Image-caption web data
___
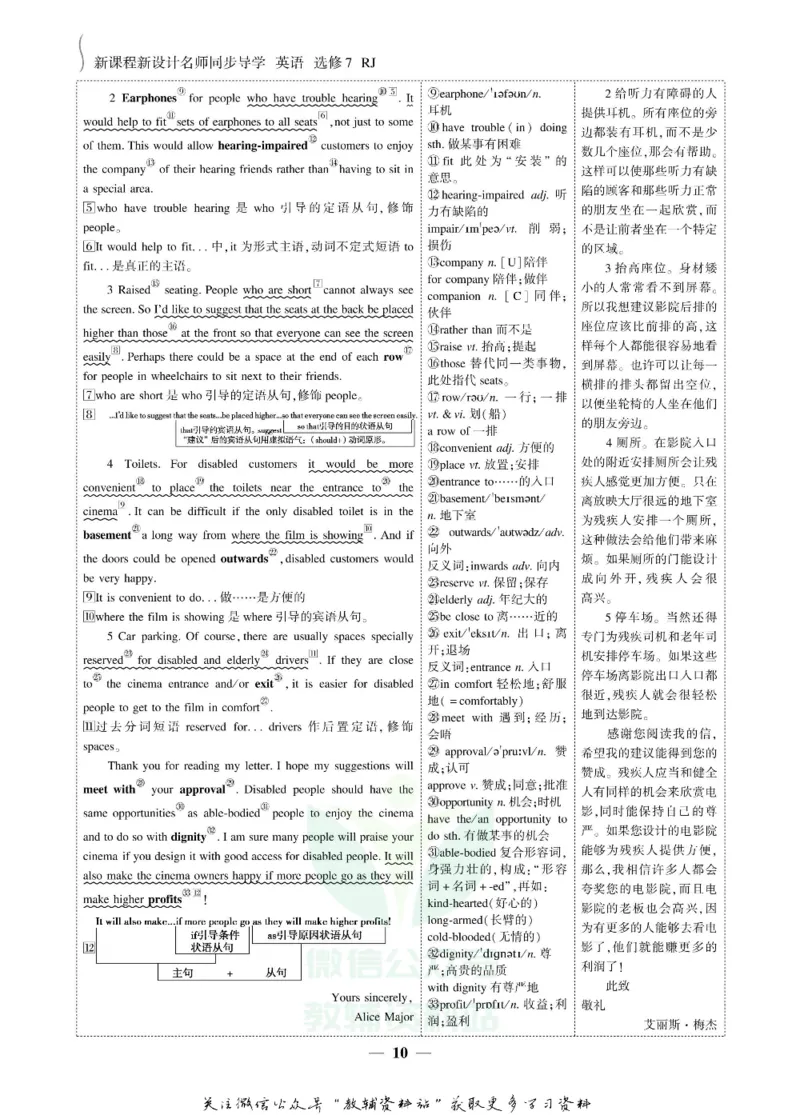 名师同步导学英语人教版选修7_名师同步导学_高中英语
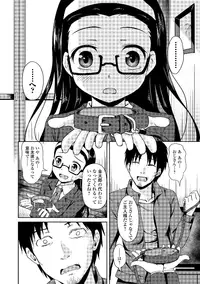 [Anthology] Roshutsukyou Shoujo [Digital]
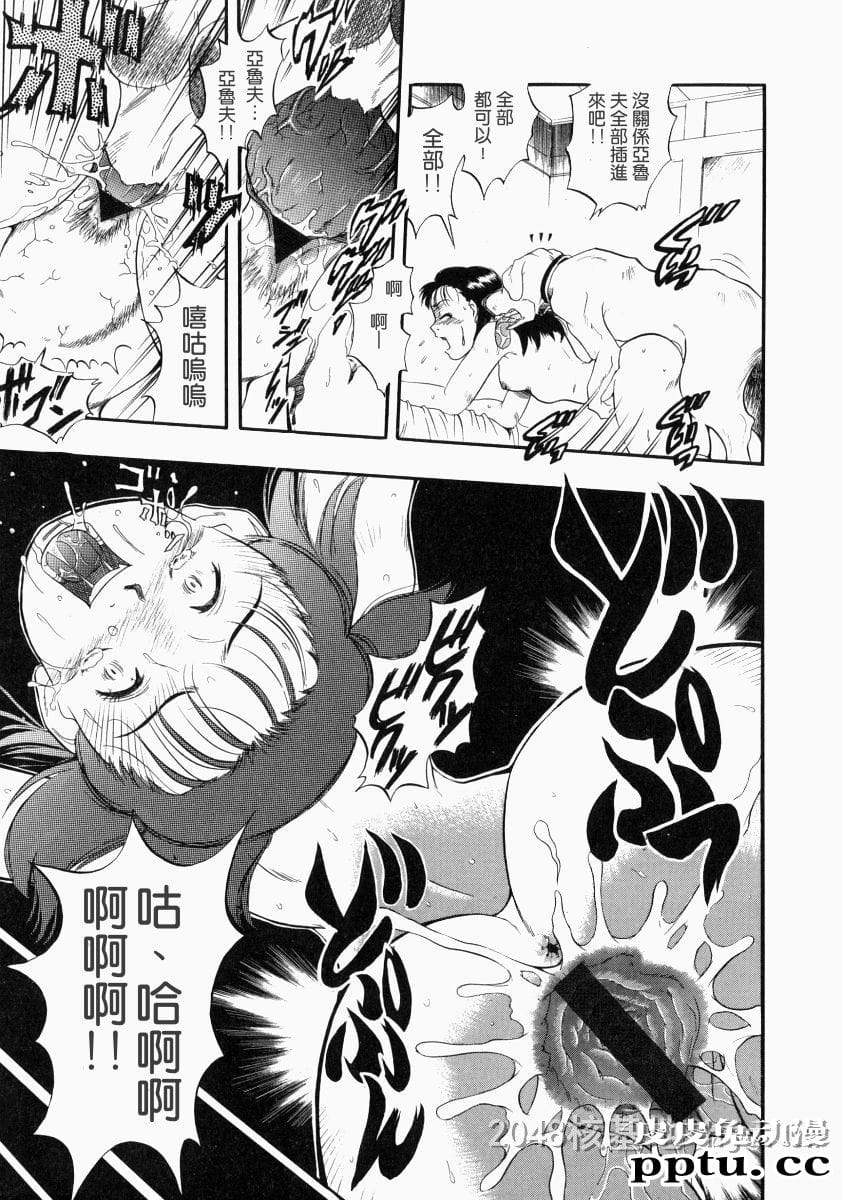 [中文] [黑白]没有狗活不下去-2[31P]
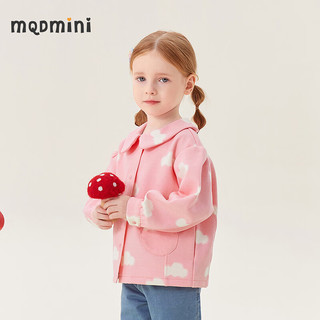 MQD 马骑顿 童装女小童外套2024春季兔子造型甜美儿童廓形外套 翻糖粉 120cm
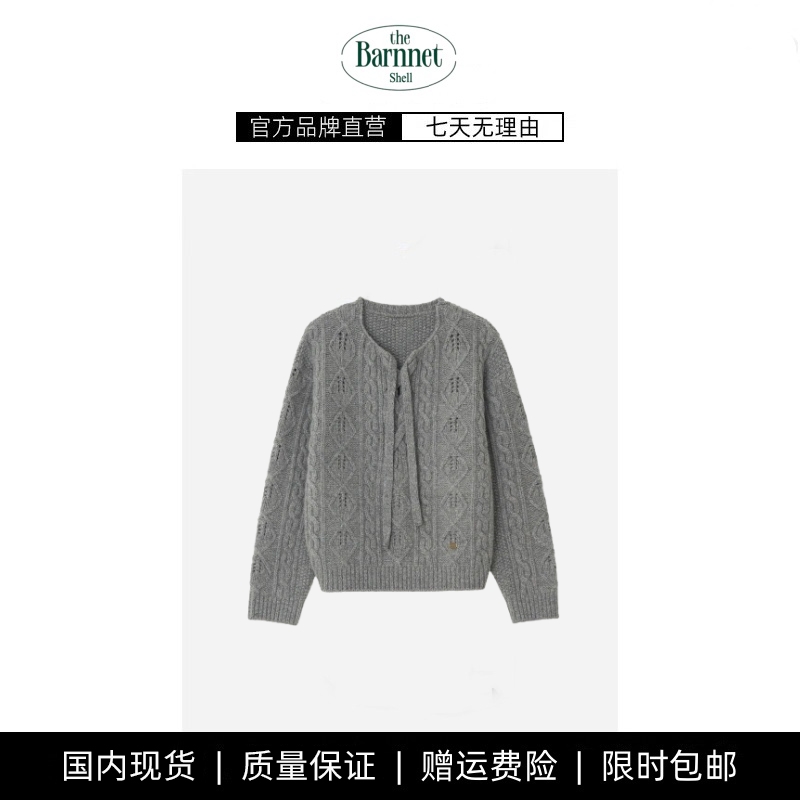 【现货】theBarnnet shell韩国八奶系带麻花毛衣女简约套头针织衫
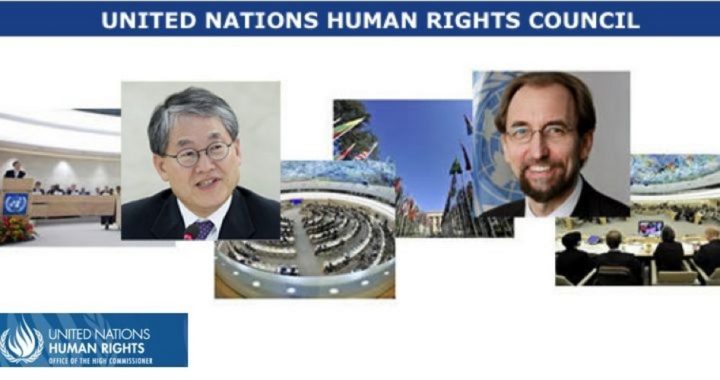 UN “Human Rights” Body, Run by Dictators, Ridiculed in Congress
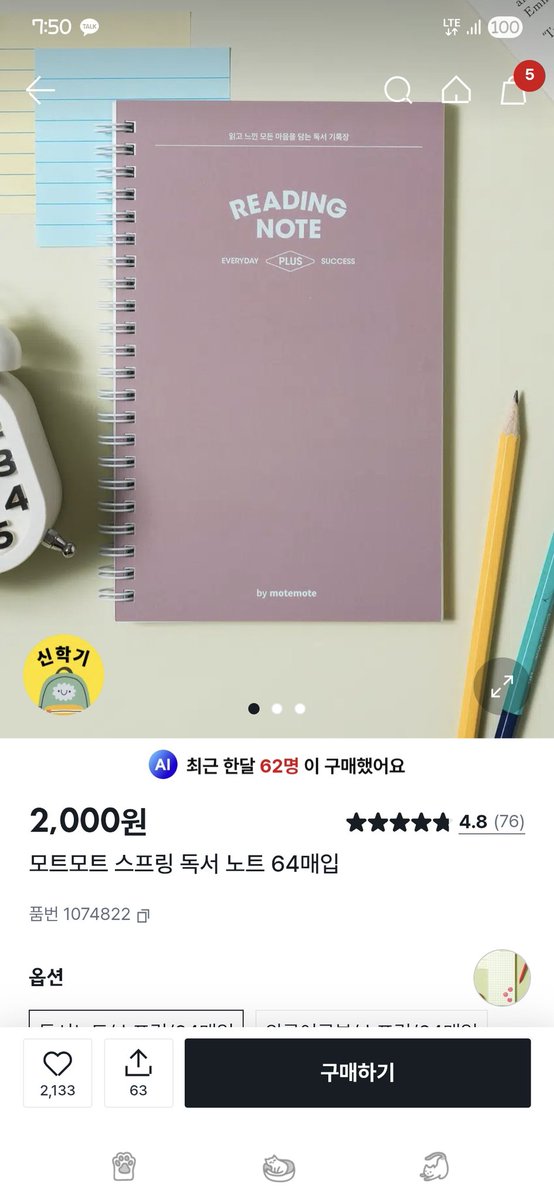 유여름 tweet media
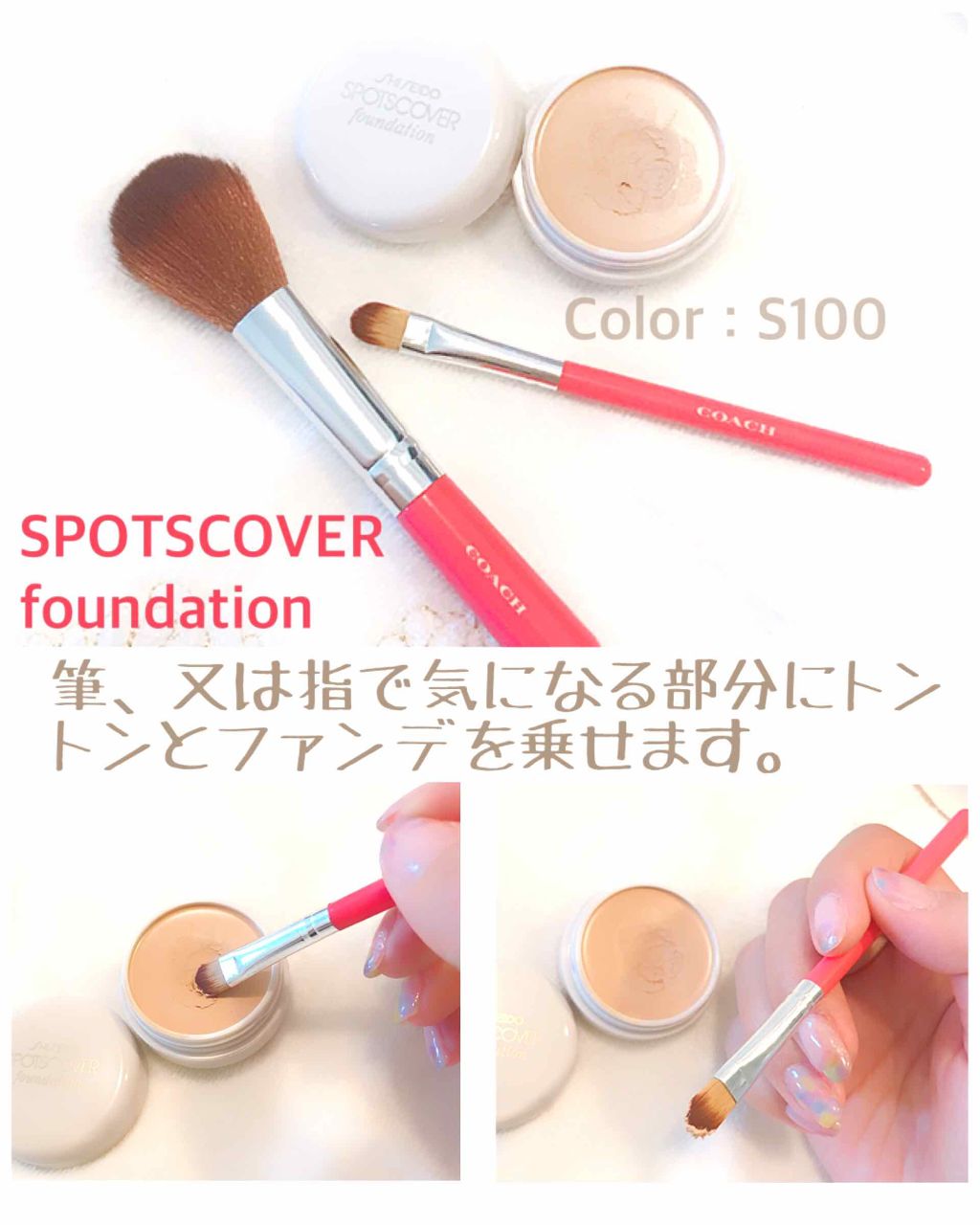 スポッツカバー ファウンデイション/SHISEIDO/クリームコンシーラーを使ったクチコミ(2枚目)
___
INSTRUCTIONS TO FOLLOW:
The expected output is an exact copy of the lines from the one with "Ridiculed in Congress" to the final line of the entries above, pictures excepted; please include both ends.

OUTPUT BELOW:
 UN “Human Rights” Body, Run by Dictators, Ridiculed in Congress
 유여름 tweet media
 スポッツカバー ファウンデイション/SHISEIDO/クリームコンシーラーを使ったクチコミ(2枚目)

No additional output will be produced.